Raw data Block Start

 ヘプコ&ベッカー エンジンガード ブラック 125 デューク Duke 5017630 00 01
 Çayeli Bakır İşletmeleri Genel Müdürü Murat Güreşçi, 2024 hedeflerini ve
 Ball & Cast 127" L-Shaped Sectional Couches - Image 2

Raw data Block End
Raw data Block Start

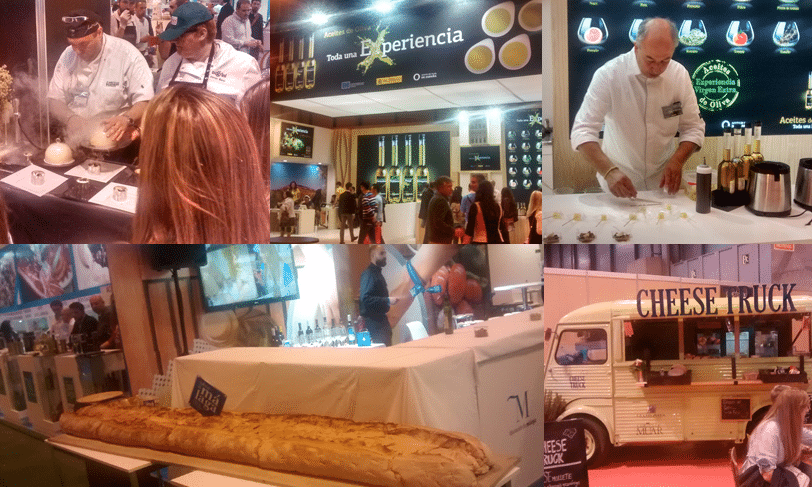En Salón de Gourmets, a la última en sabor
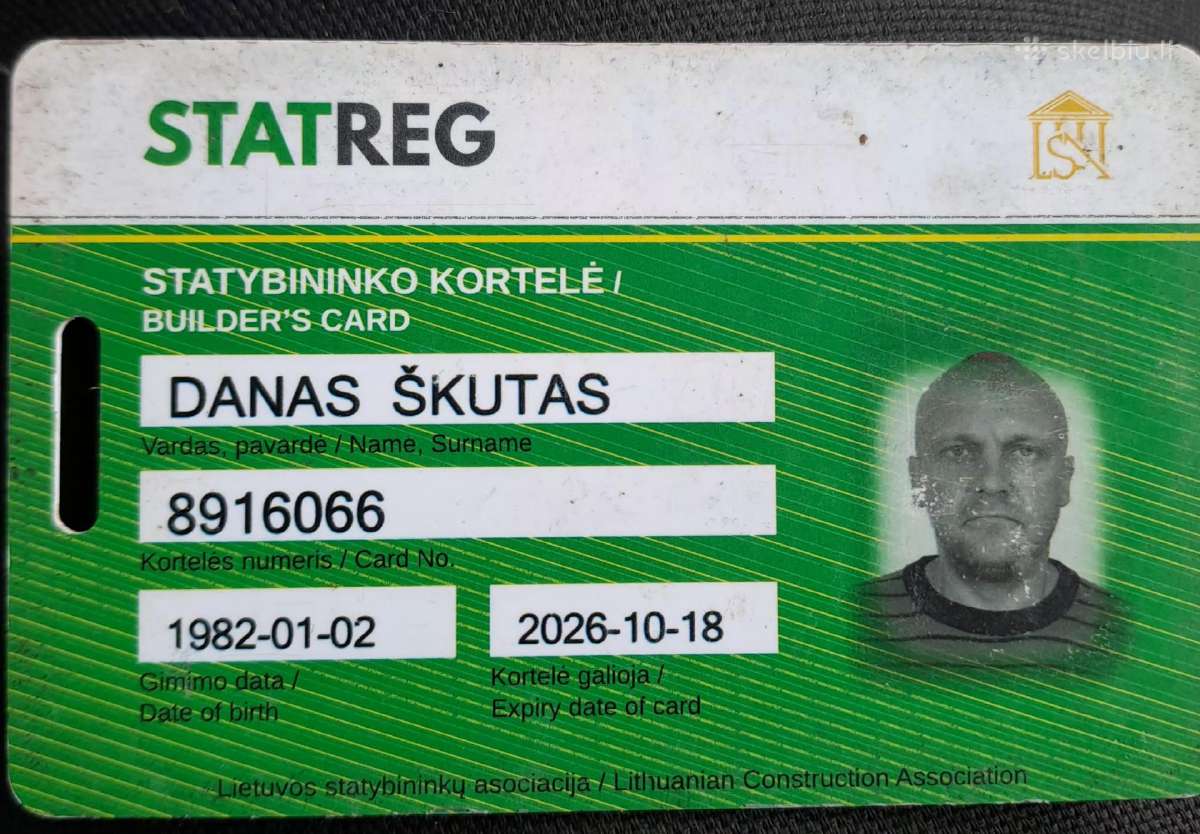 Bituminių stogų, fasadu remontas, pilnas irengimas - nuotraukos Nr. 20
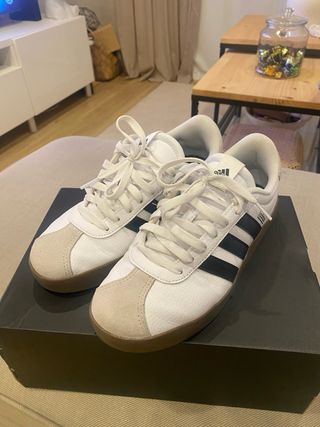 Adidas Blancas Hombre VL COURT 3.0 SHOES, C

Raw data Block End

**Your task:** For this exercise, repeat exactly the lines of the data above from the one with "ヘプコ&ベッカー エンジンガード ブラック" down to the one with "Ball & Cast", both end lines included.

**Answer to this exercise:**
 ヘプコ&ベッカー エンジンガード ブラック 125 デューク Duke 5017630 00 01
 Çayeli Bakır İşletmeleri Genel Müdürü Murat Güreşçi, 2024 hedeflerini ve
 Ball & Cast 127" L-Shaped Sectional Couches - Image 2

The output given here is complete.